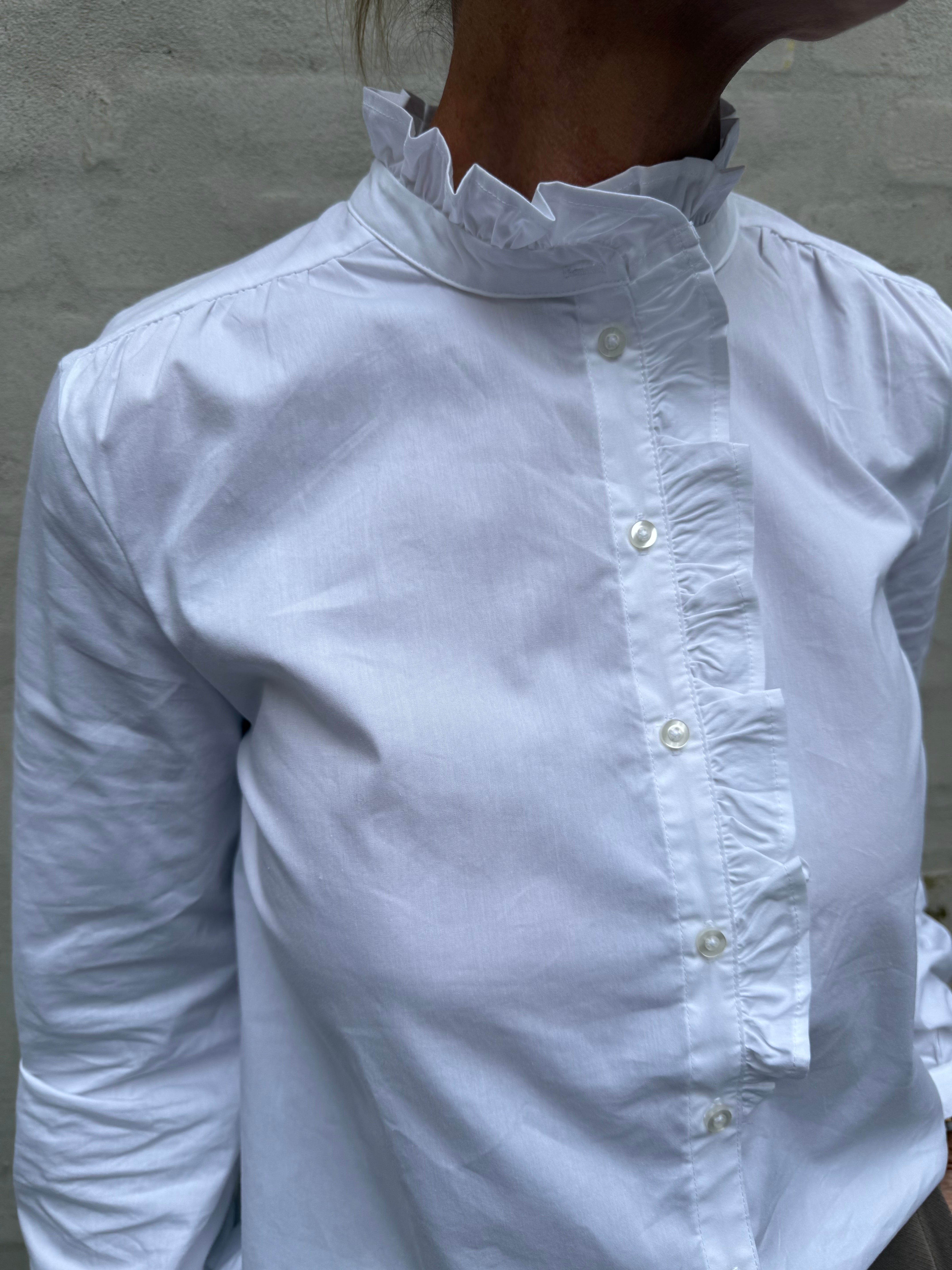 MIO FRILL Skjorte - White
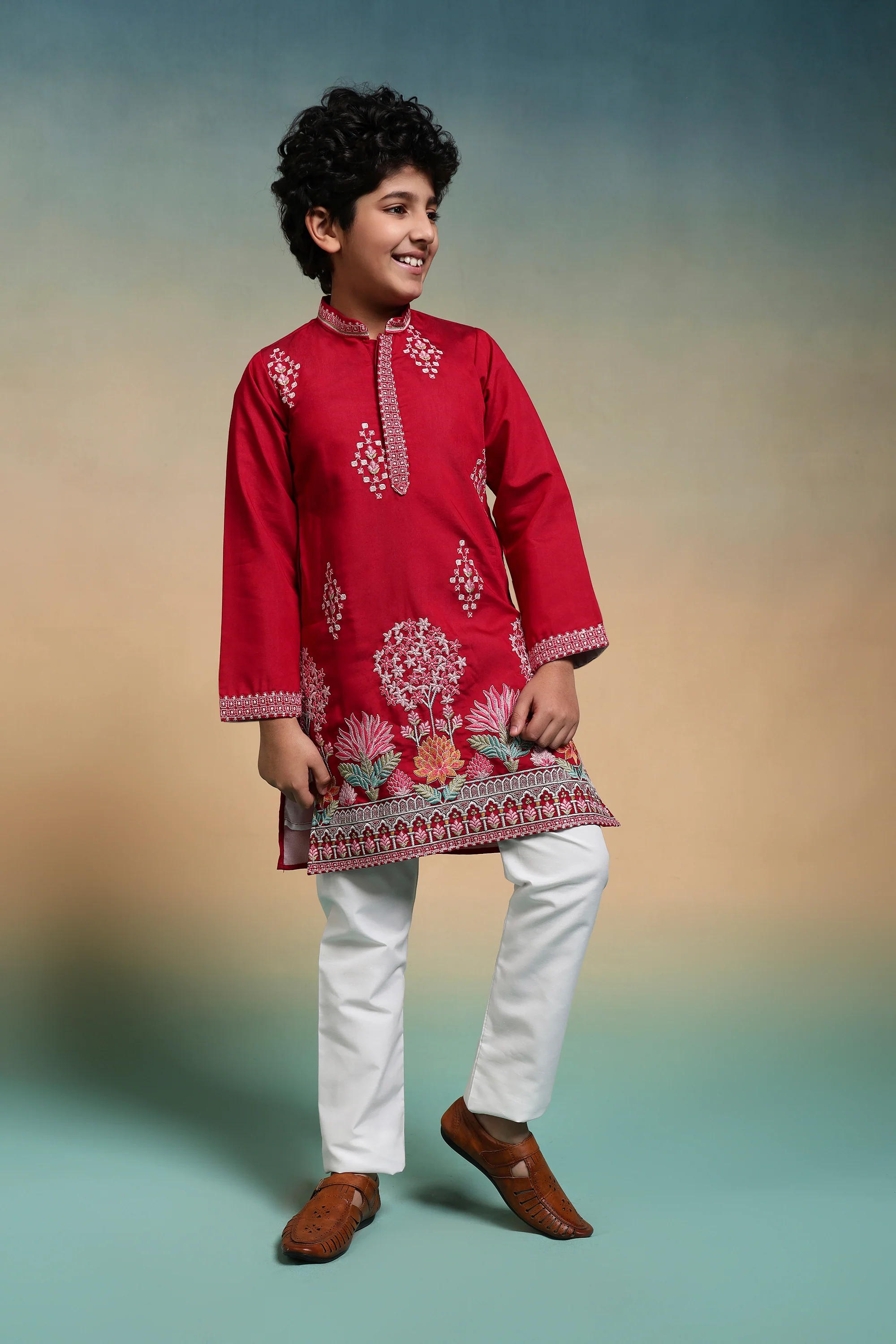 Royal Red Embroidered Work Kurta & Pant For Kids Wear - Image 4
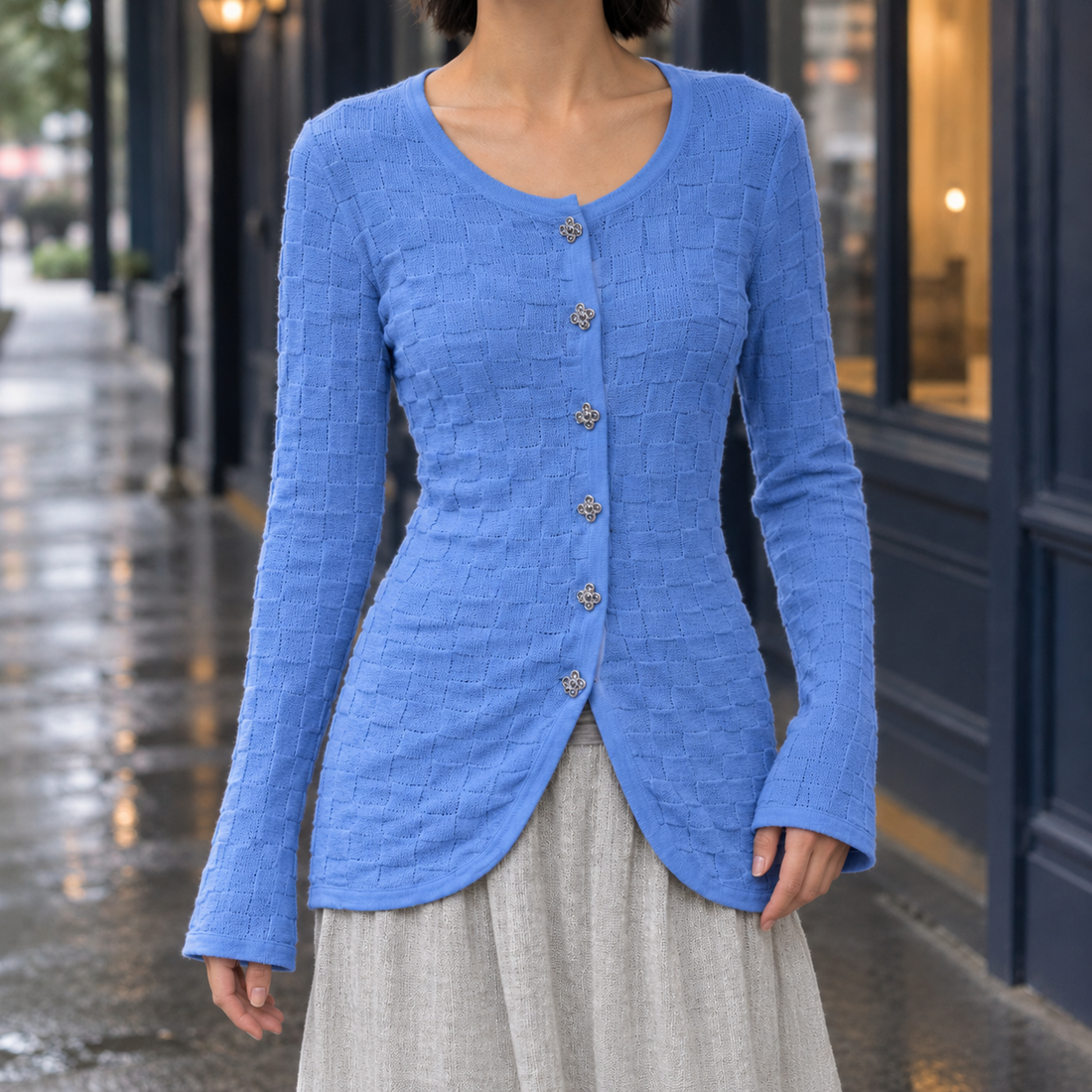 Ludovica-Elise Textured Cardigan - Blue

* * *

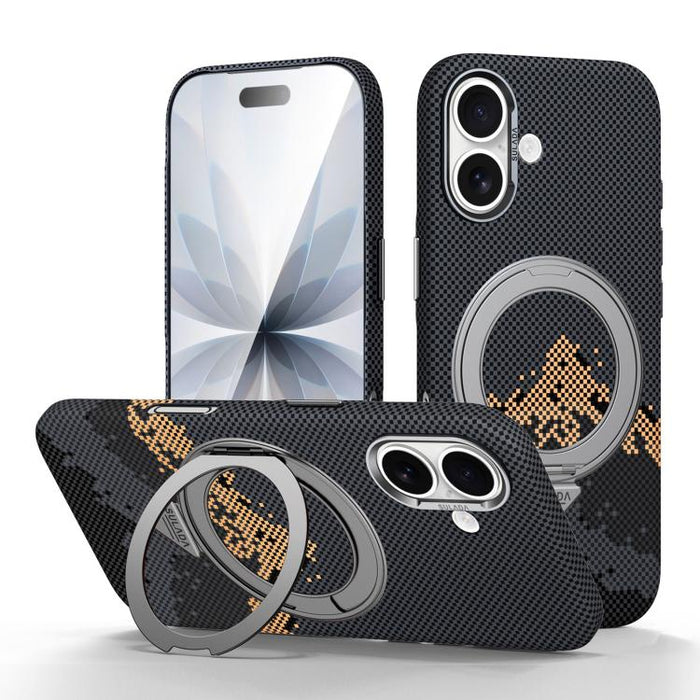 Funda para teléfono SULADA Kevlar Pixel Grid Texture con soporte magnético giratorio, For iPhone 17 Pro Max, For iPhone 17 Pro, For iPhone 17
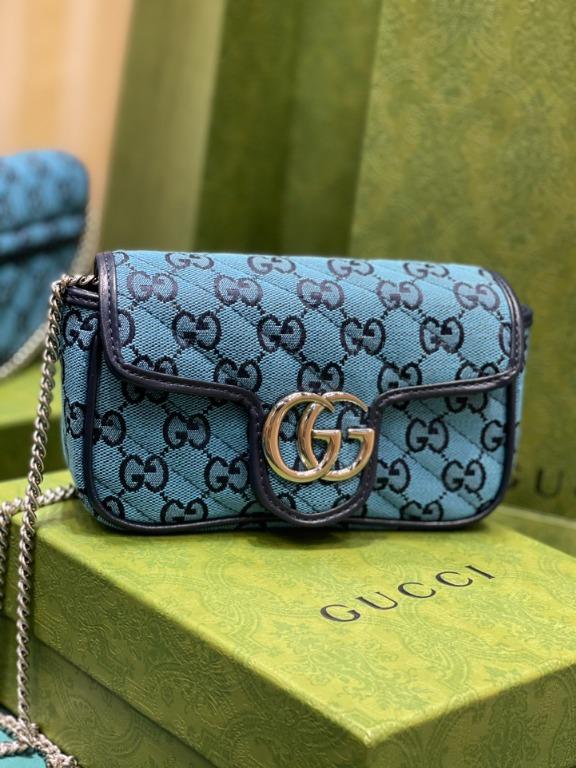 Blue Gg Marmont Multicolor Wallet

...

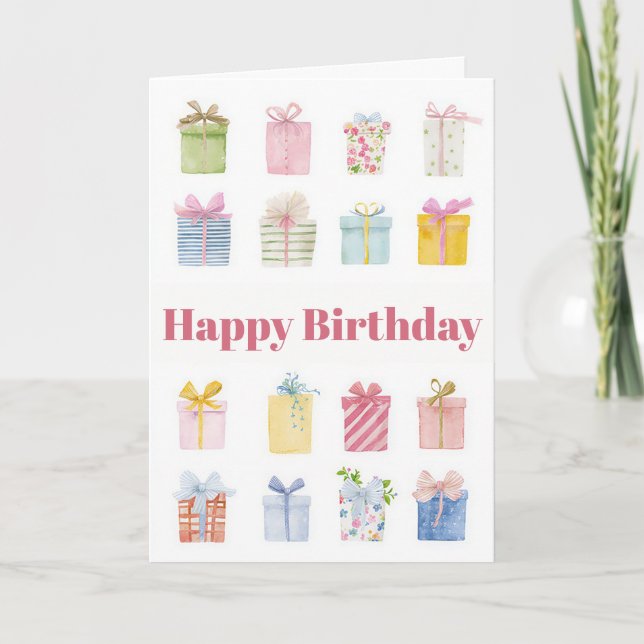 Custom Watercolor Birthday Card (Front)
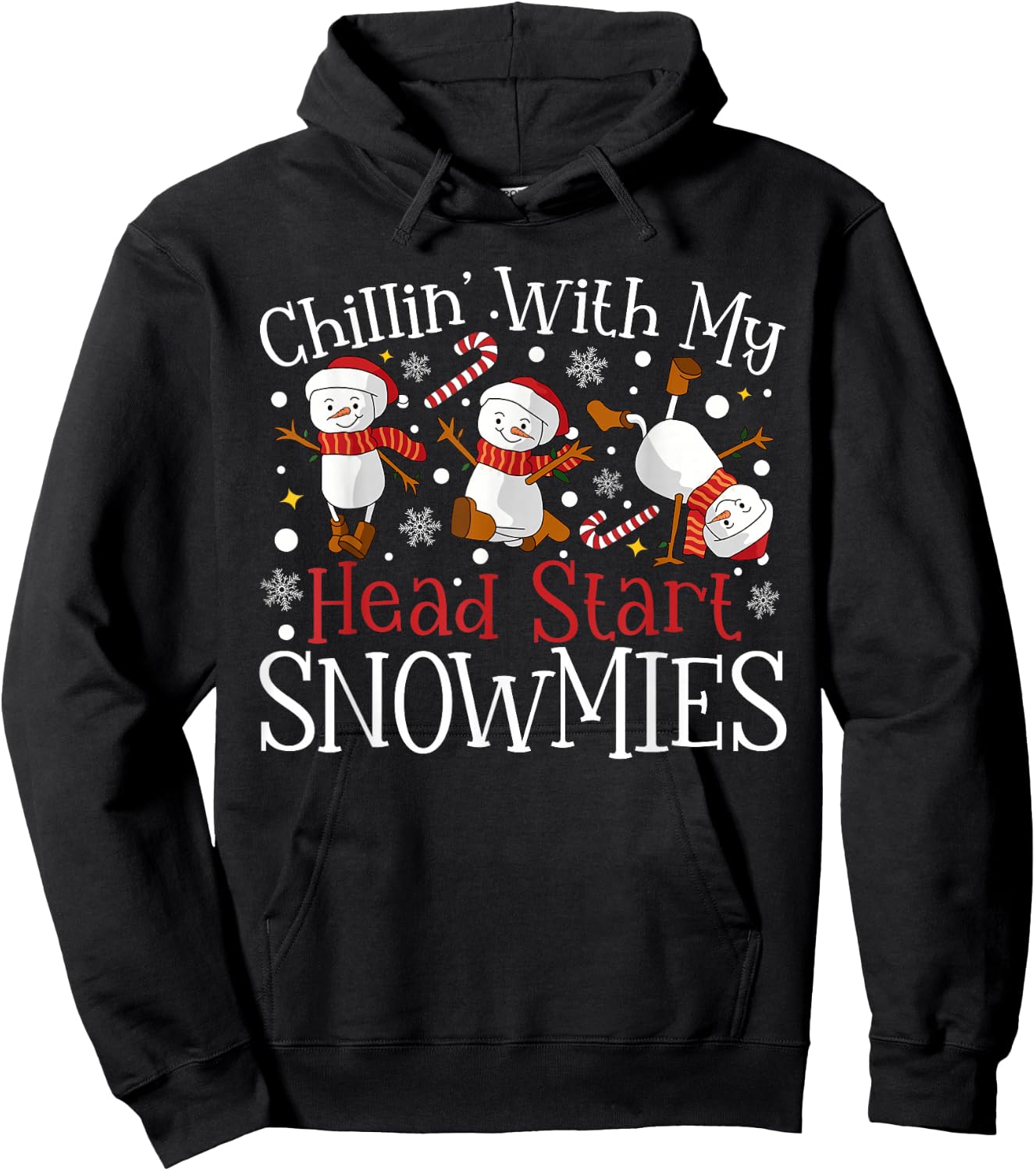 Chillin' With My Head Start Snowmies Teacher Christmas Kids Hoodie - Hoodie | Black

◆ **EXERCISE DETAILS**: Leave out every picture, and copy exactly the lines above starting at the one holding "Funda para teléfono" and ending at the one holding "Blue Gg Marmont Multicolor Wallet", no more and no less.

◆ **COMPLETED EXERCISE**:
 Funda para teléfono SULADA Kevlar Pixel Grid Texture con soporte magnético giratorio, For iPhone 17 Pro Max, For iPhone 17 Pro, For iPhone 17
 Blue Gg Marmont Multicolor Wallet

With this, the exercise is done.